Create Your Own Private Cloud With Data Center Hosting

It seems like “the cloud” has been the hottest IT & tech phrase over the past few years when it comes to services. And that’s understandable – cloud services have allowed companies to expand their needs quickly and often times inexpensively.

To break it down to it’s most basic level, using services “in the cloud” simply means that a company (or end user) is accessing services or data hosted somewhere else.  For example, in the not too distant past companies that wanted the features and functionality of Microsoft Exchange needed to pay for (and maintain) an Exchange server on their local network. Now, Hosted Exchange provides all of those features without the overhead and problems that come with local server maintenance.
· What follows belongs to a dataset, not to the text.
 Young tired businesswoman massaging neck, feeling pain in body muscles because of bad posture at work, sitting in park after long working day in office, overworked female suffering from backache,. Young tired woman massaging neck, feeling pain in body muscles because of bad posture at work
ID-100130819There are still some companies that prefer not to host their services in the cloud however. Sometimes there are regulatory issues such as HIPAA and Sarbanes-Oxley that prevent companies from hosting data on servers they don’t physically have access to or maintain directly. In some instances, companies simply feel safer when they know they have full control over the hardware that their data is stored on.

For those companies that prefer to have full control over their hardware and environment, hosting their servers in a data center is the perfect option, as it allows them to create their own private cloud for their employees and clients to access. To illustrate, here are three primary reasons companies will benefit from colocating in a data center.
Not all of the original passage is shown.